- **What this task involves**:
Your answer must be the exact lines of the listing below that run from the line with "Firstly, open MX" to the line with "In this video we", ends included, and no pictures.

- **Provided material**:
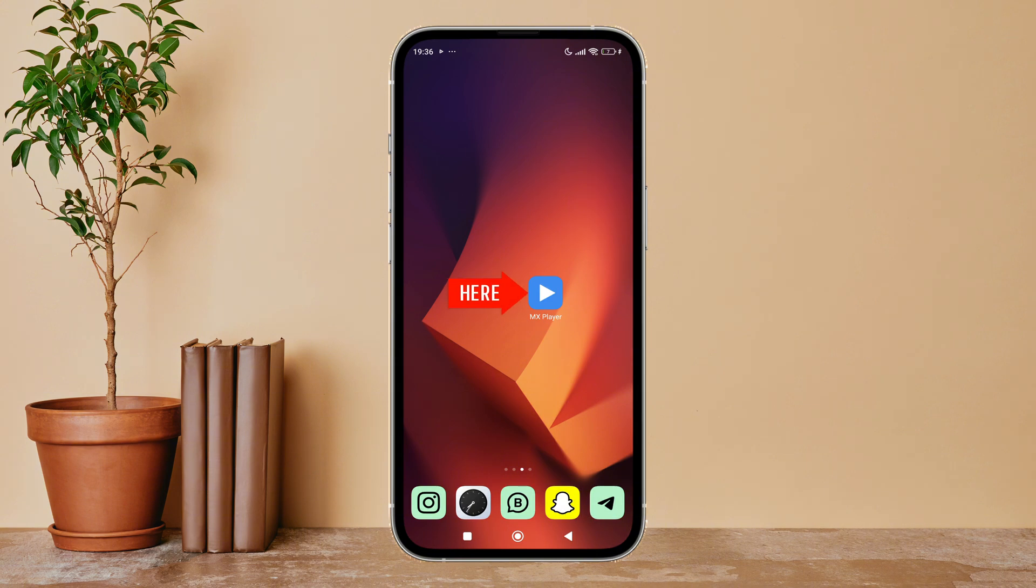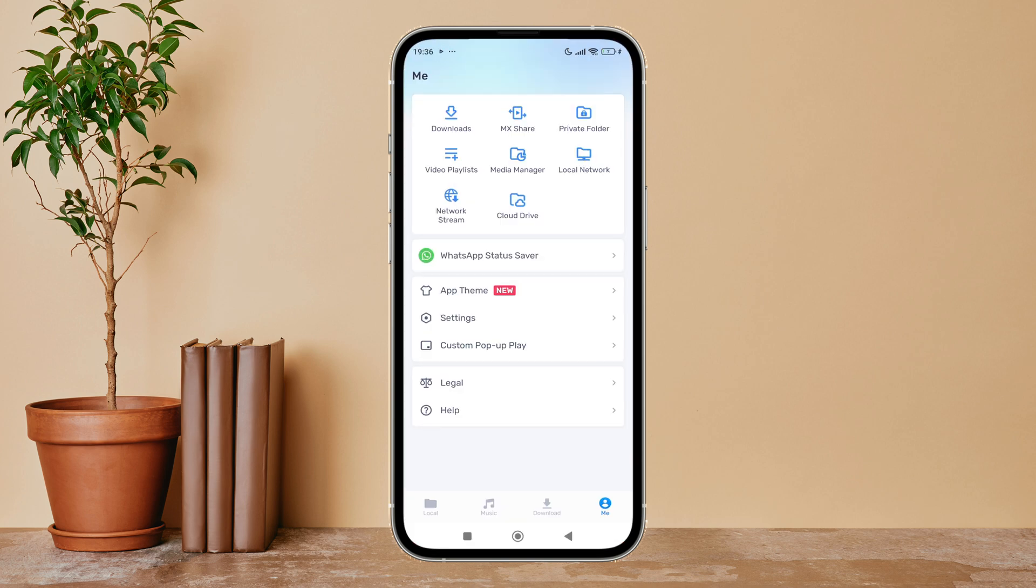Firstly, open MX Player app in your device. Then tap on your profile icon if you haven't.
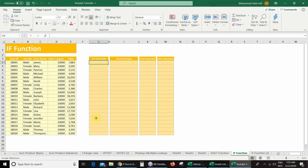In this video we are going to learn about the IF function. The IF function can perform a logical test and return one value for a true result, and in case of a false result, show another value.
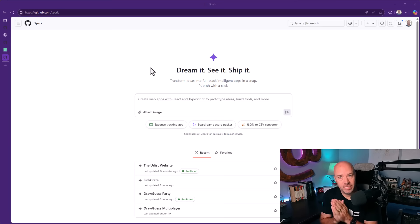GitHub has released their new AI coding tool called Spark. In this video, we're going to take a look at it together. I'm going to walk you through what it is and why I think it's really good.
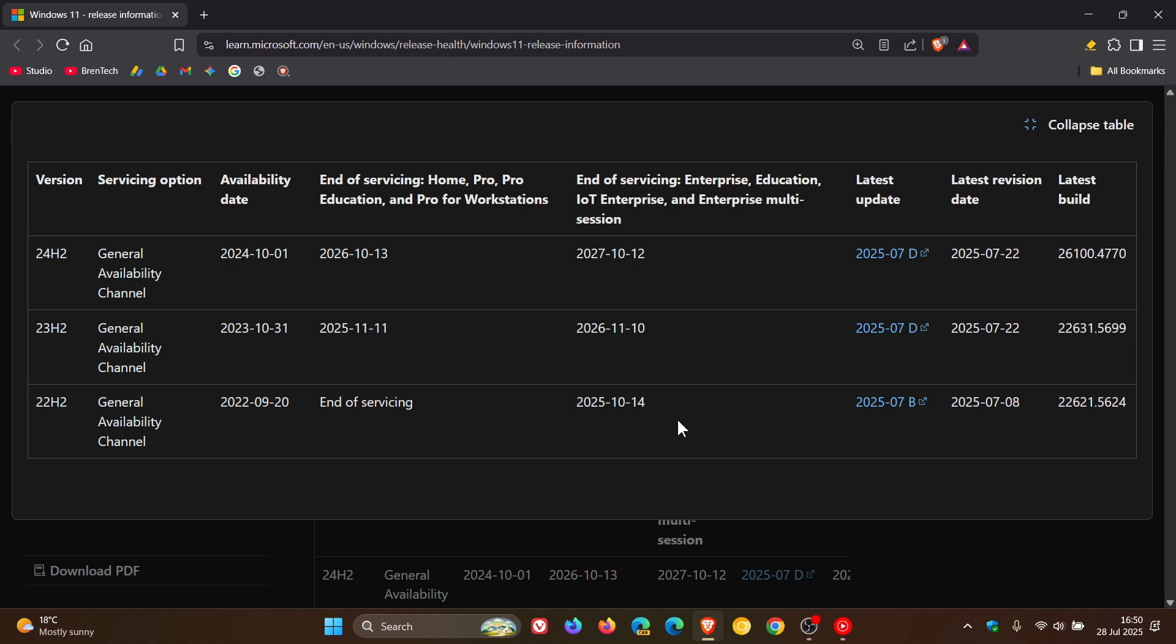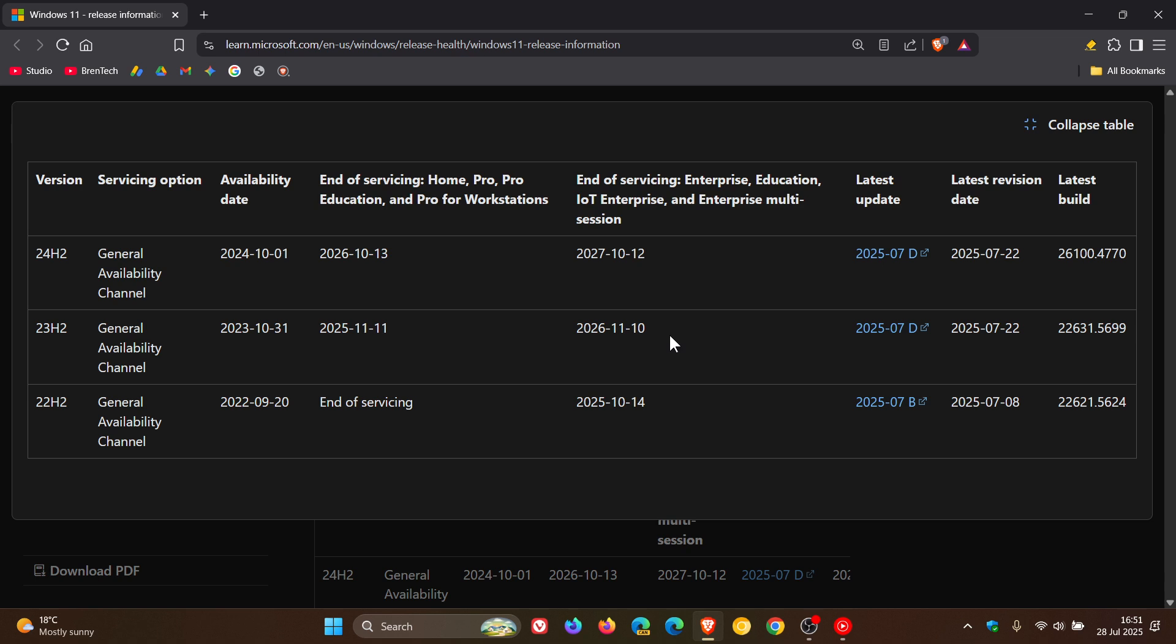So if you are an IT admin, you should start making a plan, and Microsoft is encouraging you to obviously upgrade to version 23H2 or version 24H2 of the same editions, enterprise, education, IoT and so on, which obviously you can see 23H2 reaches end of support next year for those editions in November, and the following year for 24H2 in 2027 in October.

...

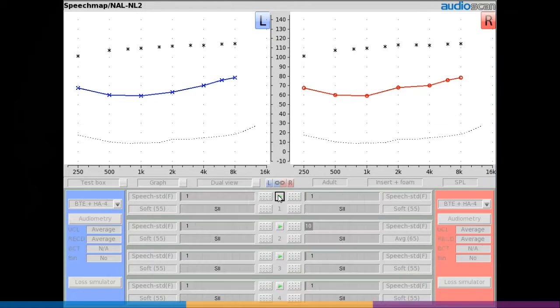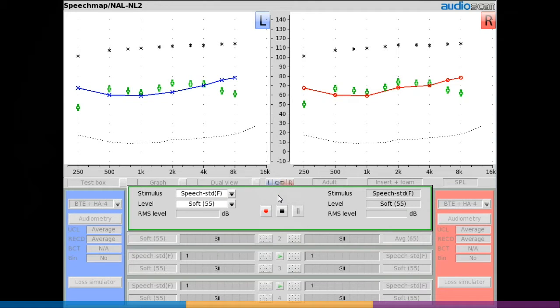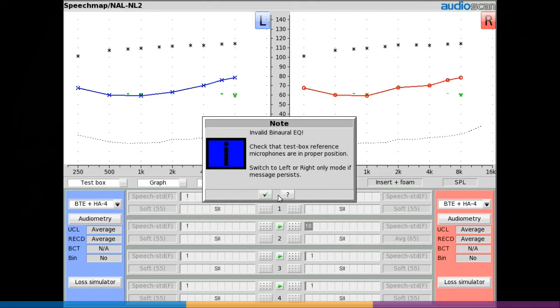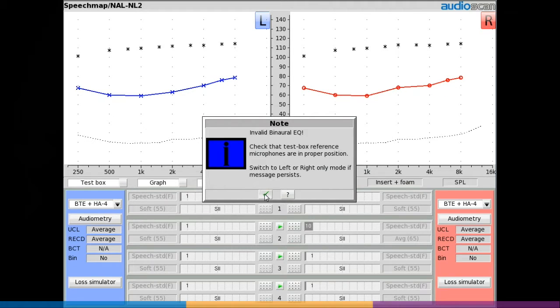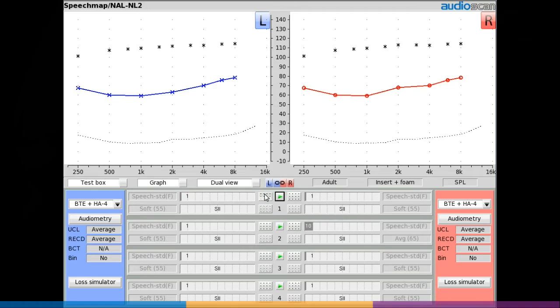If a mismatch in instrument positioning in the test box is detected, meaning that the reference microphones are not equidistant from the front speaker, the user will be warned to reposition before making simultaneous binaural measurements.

==

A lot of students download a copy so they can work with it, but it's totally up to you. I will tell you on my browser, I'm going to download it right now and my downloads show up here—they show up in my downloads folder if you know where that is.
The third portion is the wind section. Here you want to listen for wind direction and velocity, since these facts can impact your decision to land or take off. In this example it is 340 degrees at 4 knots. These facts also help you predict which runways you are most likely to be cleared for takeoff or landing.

- **Finished exercise**:
Firstly, open MX Player app in your device. Then tap on your profile icon if you haven't.
In this video we are going to learn about the IF function. The IF function can perform a logical test and return one value for a true result, and in case of a false result, show another value.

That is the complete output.